Annie: Benvenuti, ragazzi! Poche settimane fa avete dato due annunci importanti: uno riguardante la vostra lineup rinnovata e un altro circa il nuovo album Ouroboros. Partirei proprio da qui: che aria tira in casa ManaM a ridosso di quello che sarà, se vogliamo, un secondo inizio della vostra carriera?
Marco Salvador: Ciao Anna, grazie per il benvenuto ed un saluto a te e ai lettori di Metallized! Innanzitutto mi presento: sono Marco, cantante e chitarrista oltre che compositore della band, e sarà un piacere rispondere alle tue domande. Sì, abbiamo lavorato molto dietro le quinte ed ora è il momento di presentare ciò che abbiamo creato: il 3 aprile uscirà il nostro secondo album, Ouroboros, e siamo tutti veramente carichi ed entusiasti per condividerlo e suonarlo dal vivo il più possibile!

Annie: Sono rimasta sorpresa nel vedere che con questa lineup rinnovata avete scelto di far leva su tre chitarre anziché due. Da cosa è nata questa esigenza e come avete sfruttato i tre strumenti in Ouroboros?
Marco Salvador: È sicuramente una scelta inusuale, nonostante grandi band come gli Iron Maiden o gli Insomnium tra i tanti l'abbiano proposta con successo. Il motivo è che durante le registrazioni di Ouroboros in quasi tutti i brani abbiamo inciso tre linee di chitarra (se non di più): abbiamo voluto spingerci oltre nell'uso delle armonizzazioni, abbiamo aggiunto un approccio quasi contrappuntistico alla composizione pur con delle chitarre elettriche, utilizzando gli strumenti orchestrali come complemento. Questo ha dato vita ad un suono meno convenzionale e più ''coraggioso'' che speriamo venga colto ed apprezzato. Inoltre, dal punto di vista live, questa opzione ci consente di creare uno show decisamente più d'impatto, sia a livello sonoro che di presenza scenica, cose sulle quali stiamo tuttora lavorando per offrire qualcosa di unico.

Annie: Tra le novità rintracciabili in Ouroboros c’è anche la collaborazione con un quartetto d’archi durante le fasi di registrazione in presa diretta. Raccontami com’è stata questa esperienza e in quali brani del prossimo album sarà enfatizzato maggiormente l’utilizzo di questi strumenti…

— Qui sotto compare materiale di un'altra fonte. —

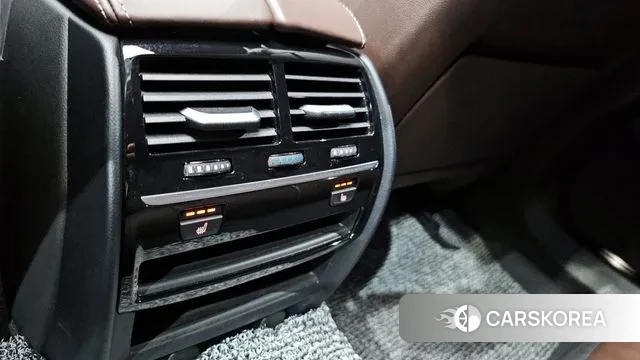 BMW 5 Series (G30) id 3045562 из Кореи 8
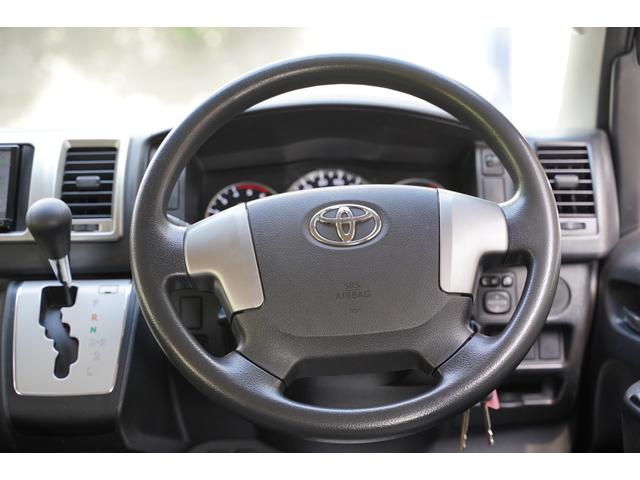 ハイエースバン ロングスーパーＧＬ　４ＷＤ／３．０００ｃｃ／ディーゼルターボ／Ｗエアーバック／サイドスライドガラス／ダンロップ製２０２４年バンタイヤ／カロツェリア製ナビ／ＡＶＩＣ－ＲＺ３３／バックカメラ／ＥＴＣ／シートカバー／（15枚目）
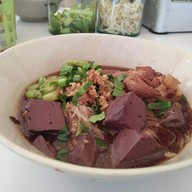 ร้านยำเเซ่บน้าสบาย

Marco Salvador: Sì, l'utilizzo del quartetto è senz'altro la novità maggiore del nuovo album. È un elemento che già avrei voluto inserire in Rebirth of Consciousness (il nostro primo album), ma ho preferito aspettare per poter cementare bene la band e migliorare nella fase di composizione. È stata la mia prima esperienza, perché nonostante avessi studiato orchestrazione e composizione non mi ero mai cimentato nello scriverli per un intero album e, per giunta, metal, quindi ho dovuto tenere conto di molte cose: range dello strumento, frequenze in conflitto tra il quartetto e la band, limiti tecnici dei vari strumenti e così via. Il risultato è stato il conferire un'atmosfera molto romantica ai vari brani, enfatizzando i momenti di maggior pathos emotivo e aggiungendo un tocco più elegante alla nostra musica. Vi consiglio di ascoltare la titletrack Ouroboros, Citrinitas, Rubedo ed Evenfall in particolare per farvi un'idea di come li abbiamo sfruttati.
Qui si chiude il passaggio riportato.